Being able to predict an individual’s risk of common conditions is regarded by many as the holy grail. So, where are we now?
Many of the serious health problems people face in our society, such as heart disease, cancer, diabetes and arthritis, are influenced by multifactorial inheritance. This means that, rather than being the result of a single gene variant, they are influenced by a large number of genetic variants, and by environmental factors as well.
What is a ‘polygenic score’?
The likelihood of a single gene variant causing a specific outcome can be shown in terms of percentage, and this is known as the penetrance of the gene. Polygenic scores aim to quantify the cumulative effects of a number of genes, which may individually have a very small effect on susceptibility. They can be used to predict a person’s likelihood of displaying any trait with a genetic component – including traits such as height or weight – and are known as polygenic risk scores when they refer to disease predisposition.
Polygenic scores aren’t new, but as they rely on large databases of genome sequences with accompanying phenotypic data, they have become more prevalent (and more powerful) as sequencing has become cheaper and faster. Initiatives such as the 100,000 Genomes Project provide ideal databases for this type of research: the bigger the dataset, the more variants associated with a particular trait can be identified.
What’s the use?
The use of polygenic scores to measure inherited predisposition to breast cancer could, for example, be very useful. The impact of variations in the BRCA genes is well known: they can have a large impact on a person’s risk. But over a hundred other genes have been identified (for example, here and here) as playing a role in an individual’s chance of developing breast cancer. Access to polygenic risk scores could be helpful in targeting higher-risk people, for example to offer more screening opportunities such as mammograms.
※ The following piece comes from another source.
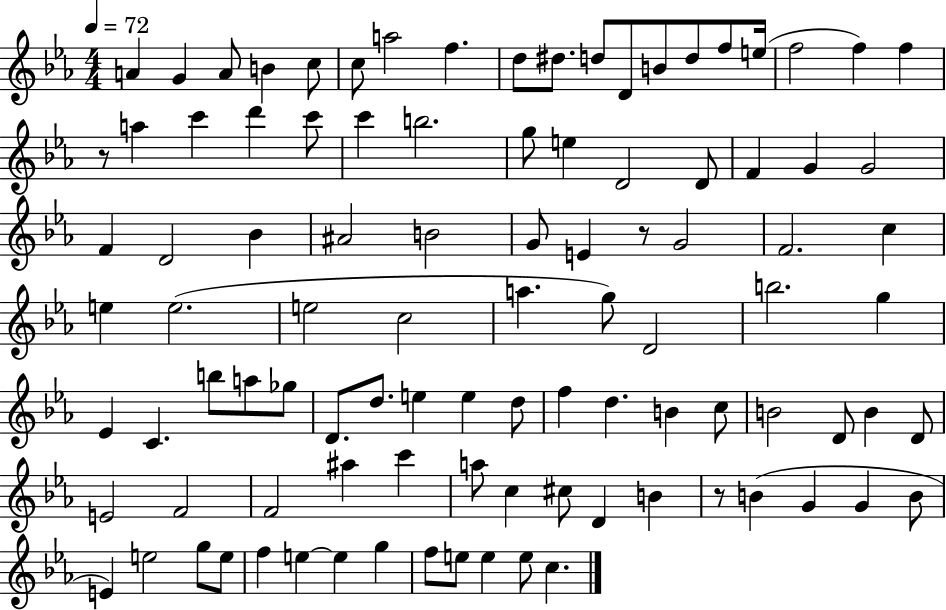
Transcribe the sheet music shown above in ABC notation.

A test which looks at 18 variants is being trialled at the Manchester University NHS Foundation Trust.
The tests have the potential to be very affordable. A recent study using UK Biobank data developed a test called the Genomic Risk Score for coronary heart disease which the authors estimate would cost around £40.
Polygenic scores may also be a useful alternative to genetic family history for those who do not have access to medical information about their relatives, such as people who are adopted or donor-conceived.
What are the challenges?
It’s important to be clear that polygenic risk scores are not diagnostic. A high risk-score does not mean that a person will definitely develop a condition, and a low score does not mean that they will not. It does not replace screening, such as mammograms, and this needs to be carefully communicated to patients. Polygenic risk scores have not been used widely in the clinic, and it isn’t yet clear how useful they are compared to more traditional approaches like taking a family medical history.
Although they are comparatively cheap to run, tests to determine polygenic risk scores do require the patient’s consent to genomic testing, which some people will be uncomfortable with, particularly if they are not unwell.
Another difficulty is that the accuracy of a polygenic risk score for an individual will depend on how closely that person’s DNA resembles the DNA of the people whose genomic data was used to develop the score. A test developed by a group of researchers in Massachusetts has been criticised because it appears to be less accurate in people of non-European heritage. Although the researchers are based in the US, much of the genomic data used came from the UK Biobank, and as a result reflects the UK’s ethnic mix. The resulting test is therefore significantly less accurate for African-American and Latino populations.